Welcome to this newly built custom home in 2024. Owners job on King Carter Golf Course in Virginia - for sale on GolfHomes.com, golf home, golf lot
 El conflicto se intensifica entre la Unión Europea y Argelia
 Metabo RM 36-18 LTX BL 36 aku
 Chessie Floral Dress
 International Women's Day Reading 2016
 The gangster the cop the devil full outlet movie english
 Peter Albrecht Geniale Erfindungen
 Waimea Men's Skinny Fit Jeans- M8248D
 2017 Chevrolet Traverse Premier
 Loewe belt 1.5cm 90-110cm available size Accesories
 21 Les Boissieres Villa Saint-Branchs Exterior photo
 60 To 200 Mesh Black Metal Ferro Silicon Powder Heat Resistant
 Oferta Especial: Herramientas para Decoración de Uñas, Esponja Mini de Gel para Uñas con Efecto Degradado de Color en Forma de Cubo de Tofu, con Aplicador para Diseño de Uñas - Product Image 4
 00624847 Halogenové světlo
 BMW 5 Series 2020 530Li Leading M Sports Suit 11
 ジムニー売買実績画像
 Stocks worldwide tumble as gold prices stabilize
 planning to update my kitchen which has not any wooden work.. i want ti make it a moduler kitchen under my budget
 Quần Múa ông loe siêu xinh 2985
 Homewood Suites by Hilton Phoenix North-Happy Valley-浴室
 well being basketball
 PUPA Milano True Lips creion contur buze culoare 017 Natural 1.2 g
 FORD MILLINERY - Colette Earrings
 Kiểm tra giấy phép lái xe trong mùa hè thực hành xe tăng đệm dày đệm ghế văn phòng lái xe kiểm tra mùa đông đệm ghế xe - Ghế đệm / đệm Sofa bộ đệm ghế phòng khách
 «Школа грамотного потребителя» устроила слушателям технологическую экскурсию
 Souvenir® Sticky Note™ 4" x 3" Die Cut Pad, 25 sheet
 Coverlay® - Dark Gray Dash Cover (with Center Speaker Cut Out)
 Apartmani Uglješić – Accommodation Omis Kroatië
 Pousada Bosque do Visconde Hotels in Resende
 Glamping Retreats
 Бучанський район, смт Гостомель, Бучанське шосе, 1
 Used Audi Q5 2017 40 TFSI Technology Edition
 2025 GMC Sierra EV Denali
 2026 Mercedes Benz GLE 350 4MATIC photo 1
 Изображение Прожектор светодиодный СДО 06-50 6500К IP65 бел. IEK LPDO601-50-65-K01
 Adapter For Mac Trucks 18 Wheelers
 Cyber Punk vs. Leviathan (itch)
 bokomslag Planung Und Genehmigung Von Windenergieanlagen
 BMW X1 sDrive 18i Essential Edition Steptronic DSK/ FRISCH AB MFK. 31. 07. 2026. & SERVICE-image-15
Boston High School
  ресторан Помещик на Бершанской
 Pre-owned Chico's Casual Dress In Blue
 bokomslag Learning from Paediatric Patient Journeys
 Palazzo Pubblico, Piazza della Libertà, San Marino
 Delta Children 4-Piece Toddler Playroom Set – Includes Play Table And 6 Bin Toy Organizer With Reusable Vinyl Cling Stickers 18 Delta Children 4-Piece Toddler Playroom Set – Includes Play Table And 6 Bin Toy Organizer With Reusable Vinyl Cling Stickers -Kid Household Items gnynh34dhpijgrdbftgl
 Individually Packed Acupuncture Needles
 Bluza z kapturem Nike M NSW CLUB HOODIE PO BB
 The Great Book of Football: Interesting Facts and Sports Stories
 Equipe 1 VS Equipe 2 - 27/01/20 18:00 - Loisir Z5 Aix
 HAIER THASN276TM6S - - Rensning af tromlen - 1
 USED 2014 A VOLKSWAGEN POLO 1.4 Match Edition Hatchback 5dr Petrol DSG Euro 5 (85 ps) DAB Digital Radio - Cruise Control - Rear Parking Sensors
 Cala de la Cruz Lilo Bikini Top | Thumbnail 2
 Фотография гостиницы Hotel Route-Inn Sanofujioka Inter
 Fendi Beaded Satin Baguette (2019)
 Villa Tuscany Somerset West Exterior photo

++++++++

#### ACTIVITY
The response must consist of the lines above, from the first one through the line containing "слушателям технологическую экскурсию", reproduced exactly.

#### EXPECTED OUTPUT
Welcome to this newly built custom home in 2024. Owners job on King Carter Golf Course in Virginia - for sale on GolfHomes.com, golf home, golf lot
 El conflicto se intensifica entre la Unión Europea y Argelia
 Metabo RM 36-18 LTX BL 36 aku
 Chessie Floral Dress
 International Women's Day Reading 2016
 The gangster the cop the devil full outlet movie english
 Peter Albrecht Geniale Erfindungen
 Waimea Men's Skinny Fit Jeans- M8248D
 2017 Chevrolet Traverse Premier
 Loewe belt 1.5cm 90-110cm available size Accesories
 21 Les Boissieres Villa Saint-Branchs Exterior photo
 60 To 200 Mesh Black Metal Ferro Silicon Powder Heat Resistant
 Oferta Especial: Herramientas para Decoración de Uñas, Esponja Mini de Gel para Uñas con Efecto Degradado de Color en Forma de Cubo de Tofu, con Aplicador para Diseño de Uñas - Product Image 4
 00624847 Halogenové světlo
 BMW 5 Series 2020 530Li Leading M Sports Suit 11
 ジムニー売買実績画像
 Stocks worldwide tumble as gold prices stabilize
 planning to update my kitchen which has not any wooden work.. i want ti make it a moduler kitchen under my budget
 Quần Múa ông loe siêu xinh 2985
 Homewood Suites by Hilton Phoenix North-Happy Valley-浴室
 well being basketball
 PUPA Milano True Lips creion contur buze culoare 017 Natural 1.2 g
 FORD MILLINERY - Colette Earrings
 Kiểm tra giấy phép lái xe trong mùa hè thực hành xe tăng đệm dày đệm ghế văn phòng lái xe kiểm tra mùa đông đệm ghế xe - Ghế đệm / đệm Sofa bộ đệm ghế phòng khách
 «Школа грамотного потребителя» устроила слушателям технологическую экскурсию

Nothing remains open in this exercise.